Several Chinese nationals were trafficked across the U.S.-Mexico border and were later recruited by a cartel to work illegal marijuana grow operations in Oregon, according to a Wednesday press release from the Central Oregon Drug Enforcement Team (CODE).
The Chinese nationals were working in Oregon and Washington restaurants after they crossed the border into the U.S., where they were later offered work at the grow sites by a Chinese cartel, according to the press release. The laborers were moved to different grow sites and lived there. (RELATED: Border Authorities See Record Number Of Migrants Crossing From Mexico)
BORDER REPORT: The first group of migrants I encountered last week in Yuma, AZ were from China, Peru, Georgia, Venezuela, Cuba, and India
Only a few dozen migrants out of the ~1,500 crossing each day into the Yuma border sector are being returned under Title 42 pic.twitter.com/iqdwAX0QKH
— Jennie Taer (@JennieSTaer) May 31, 2022
Local and federal authorities made the discovery as part of a two-year investigation that first began when community members complained about the cartel’s 20 grow operations in Jefferson County, Oregon, according to the press release.
The cartel laundered earnings from the grows through Chinese restaurants and businesses, and later sent the proceeds to China.
Six search warrants were executed in Madras and Culver, Oregon, which resulted in 15 people being detained and the seizure of 16,240 pounds of processed marijuana, 17,604 plants, 4 firearms and a hoard of U.S. currency.
“The possession of small amounts of marijuana is legal for recreational use in Oregon.
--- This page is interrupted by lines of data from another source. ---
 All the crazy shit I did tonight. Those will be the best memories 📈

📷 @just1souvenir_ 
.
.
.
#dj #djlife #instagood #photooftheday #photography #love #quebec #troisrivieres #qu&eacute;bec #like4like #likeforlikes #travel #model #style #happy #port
However, large, unlicensed marijuana operations remain illegal. Due to these operations being unregulated, pose dangers to the public and the environment,” the press release stated.
The grows pose major environmental and public safety risks to residents nearby, as the areas have been struggling with droughts and investigators found that the grows steal water from local sources. The grows also used pesticides and insecticides that can mix into residents’ water supply.
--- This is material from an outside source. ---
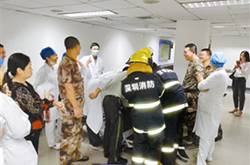 男子打耳洞卻遭耳釘槍夾住 男子稱留下陰影不敢打了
In other parts of the country, such as California’s Antelope Valley, illegal marijuana grows are all too common and are often owned and operated by foreign criminal organizations, according to the Los Angeles County Sheriff’s Department.
The Marijuana Eradication Team, which is a multi-agency group, served 116 marijuana grow-related search warrants, arrested 107 people, seized 101,090 marijuana plants, 53 firearms and destroyed 14,980 pounds of harvested marijuana in the first four months of 2022, according to the Sheriff’s office.